# Nova Comet II lathe?



## KYTURKEY (Sep 3, 2016)

Does anyone have any experience with this lathe? Is it a good lathe? Looking at getting a lathe, Home Depot has them for $514 with a G3 chuck. Any insight is appreciated. 

Thanks,
Patrick


----------



## woodtickgreg (Sep 3, 2016)

I looked at it when I was in the market for a midi/mini lathe. I thought that it was a little cheaply built, look at the rikon 70-220 midi lathe, much beefier and has a five year warranty. Then purchase a super nova chuck. you won't be sorry on either. I am all for saving money but sometimes you have to step up a little.

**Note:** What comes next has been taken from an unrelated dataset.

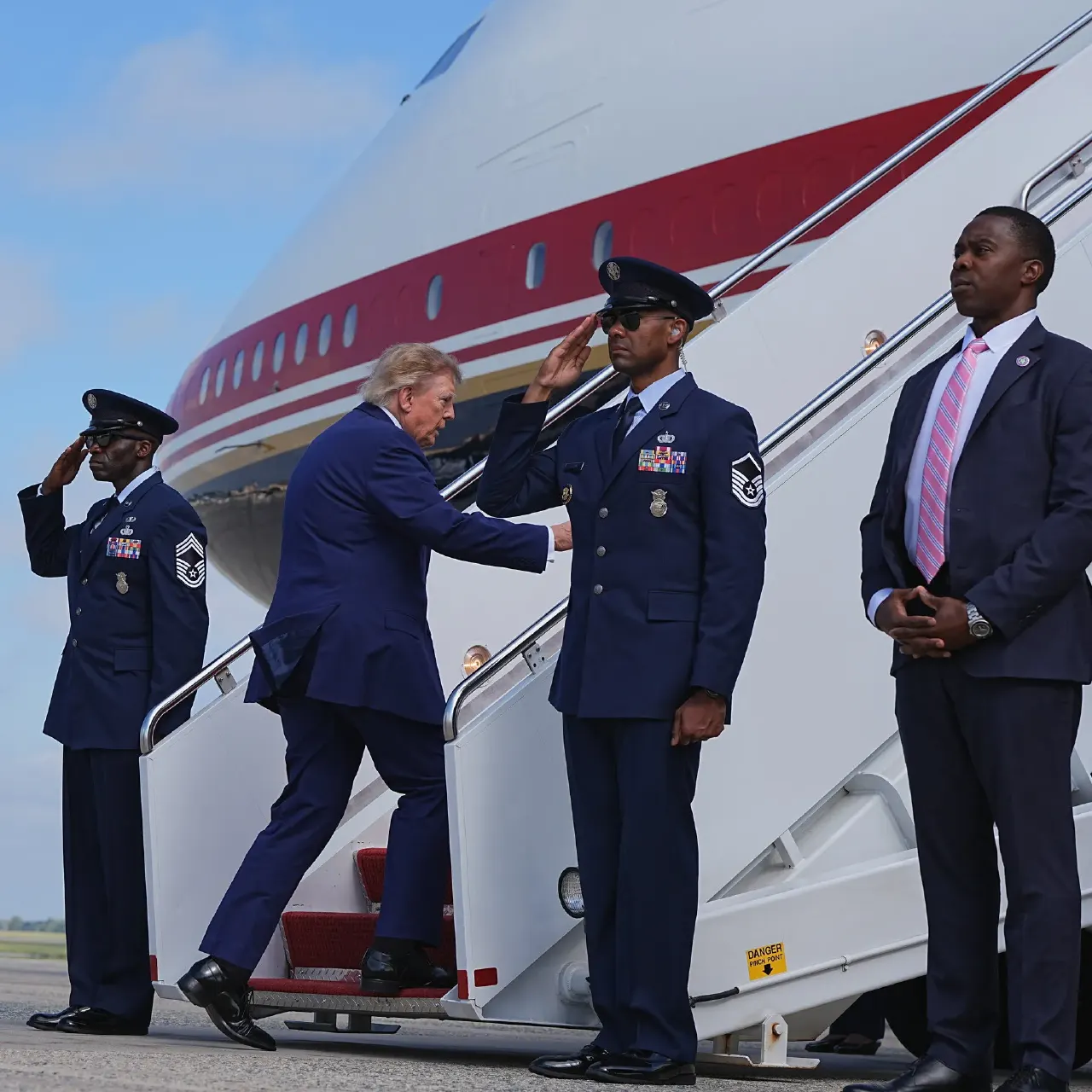 Man in dark suit boarding a red-striped aircraft as uniformed officers salute beside the stairs.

Reactions: Like 1 | Agree 1


----------



## Schroedc (Sep 3, 2016)

I've looked at the Comet II, Lighter duty than I'm comfortable with but then I turn 4-5,000 items a year. I would recommend saving up and going with either the Rikon or the Jet 1221vs. I'll be doing a review of one of those two lathes in the next couple days as my Delta 46-460 just $hit the bed again. I just need to make up my mind on which one.

Reactions: Agree 1


----------



## ripjack13 (Sep 3, 2016)

I'd have to say the customer service at Rikon is outstanding as well. I have called em up and had great help with my bearings. Sent em right out and got em in a few days. Not to mention they will walk you through the repair process if needed....

Reactions: Agree 1


----------



## Tclem (Sep 3, 2016)

@David813 what do you have


----------



## Spinartist (Sep 3, 2016)

I also recommend the Jet or Rikon. I have a 10" Jet & 12" Rikon. Stronger motors & built better.
I've used the Comet and its lighter duty than the others.

Reactions: Informative 1


----------